● **Entries supplied**:
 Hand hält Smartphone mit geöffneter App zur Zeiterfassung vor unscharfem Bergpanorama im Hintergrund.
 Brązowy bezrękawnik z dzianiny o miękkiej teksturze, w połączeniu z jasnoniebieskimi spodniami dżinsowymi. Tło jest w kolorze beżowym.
* * *
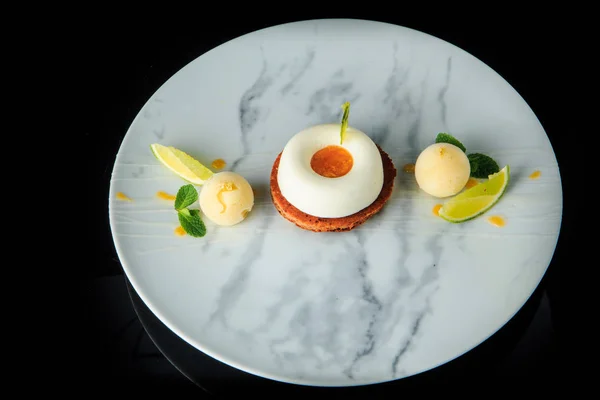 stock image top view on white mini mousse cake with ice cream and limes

● **Task details**: Your answer should be the lines above from the one containing "Hand hält Smartphone" through the one containing "Brązowy bezrękawnik z", copied exactly and with both ends kept.

● **Answer to the problem**:
 Hand hält Smartphone mit geöffneter App zur Zeiterfassung vor unscharfem Bergpanorama im Hintergrund.
 Brązowy bezrękawnik z dzianiny o miękkiej teksturze, w połączeniu z jasnoniebieskimi spodniami dżinsowymi. Tło jest w kolorze beżowym.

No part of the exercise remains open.